The data START

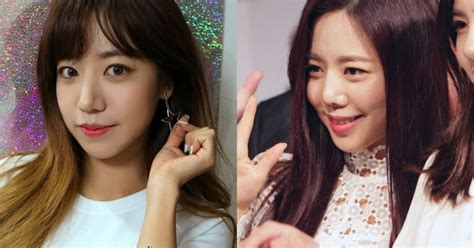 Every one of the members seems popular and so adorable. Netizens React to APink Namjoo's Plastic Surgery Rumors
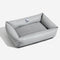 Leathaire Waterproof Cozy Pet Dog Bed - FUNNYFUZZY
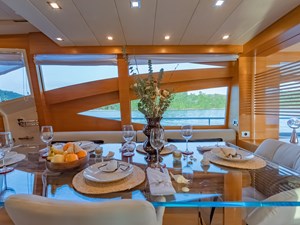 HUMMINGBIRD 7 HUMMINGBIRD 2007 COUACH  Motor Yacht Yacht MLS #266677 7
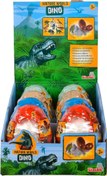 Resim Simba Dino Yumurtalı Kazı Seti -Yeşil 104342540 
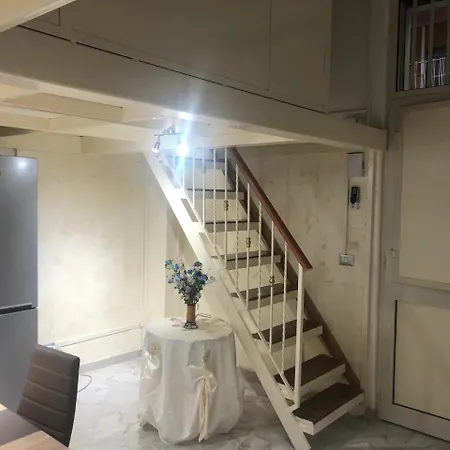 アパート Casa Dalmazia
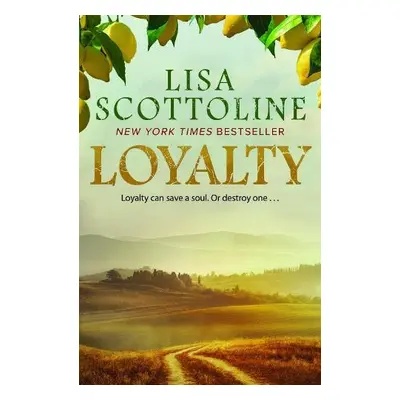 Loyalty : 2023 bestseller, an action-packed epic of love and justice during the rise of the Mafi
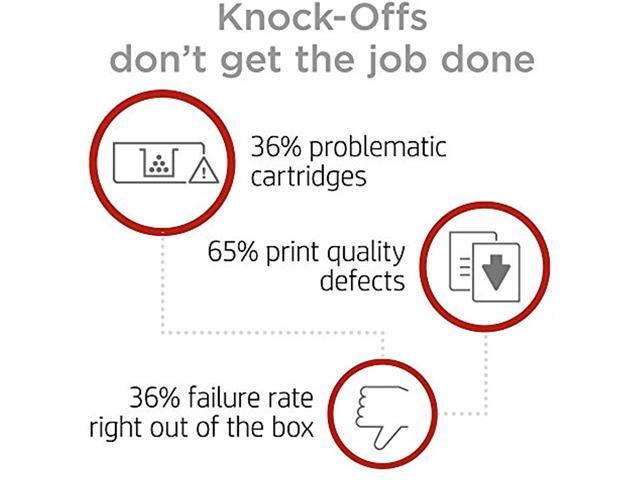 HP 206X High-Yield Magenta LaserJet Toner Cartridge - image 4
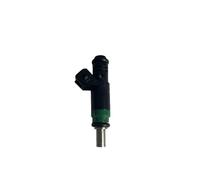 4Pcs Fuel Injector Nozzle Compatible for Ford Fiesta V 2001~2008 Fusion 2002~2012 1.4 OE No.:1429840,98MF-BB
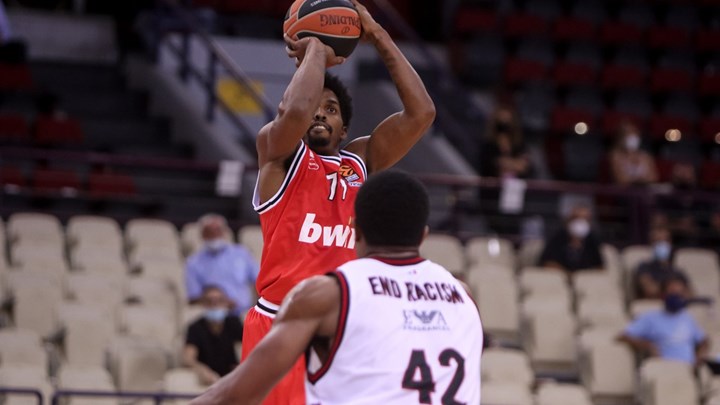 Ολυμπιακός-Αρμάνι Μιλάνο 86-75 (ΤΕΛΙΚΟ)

The data END
The data START

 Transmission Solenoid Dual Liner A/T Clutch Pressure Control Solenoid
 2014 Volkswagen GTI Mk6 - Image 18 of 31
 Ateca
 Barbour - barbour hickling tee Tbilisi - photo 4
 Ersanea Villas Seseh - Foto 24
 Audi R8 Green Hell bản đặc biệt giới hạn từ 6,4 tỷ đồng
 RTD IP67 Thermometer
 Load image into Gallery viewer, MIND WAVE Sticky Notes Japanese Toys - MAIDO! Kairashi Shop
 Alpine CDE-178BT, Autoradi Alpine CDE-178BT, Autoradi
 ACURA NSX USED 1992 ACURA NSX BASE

The data END

- [What needs to be done]:
Begin with the line that has "Barbour - barbour" in the listing above and end after the line that has "ACURA NSX USED 1992 ACURA NSX BASE"; output those lines exactly.

- [Completed exercise]:
 Barbour - barbour hickling tee Tbilisi - photo 4
 Ersanea Villas Seseh - Foto 24
 Audi R8 Green Hell bản đặc biệt giới hạn từ 6,4 tỷ đồng
 RTD IP67 Thermometer
 Load image into Gallery viewer, MIND WAVE Sticky Notes Japanese Toys - MAIDO! Kairashi Shop
 Alpine CDE-178BT, Autoradi Alpine CDE-178BT, Autoradi
 ACURA NSX USED 1992 ACURA NSX BASE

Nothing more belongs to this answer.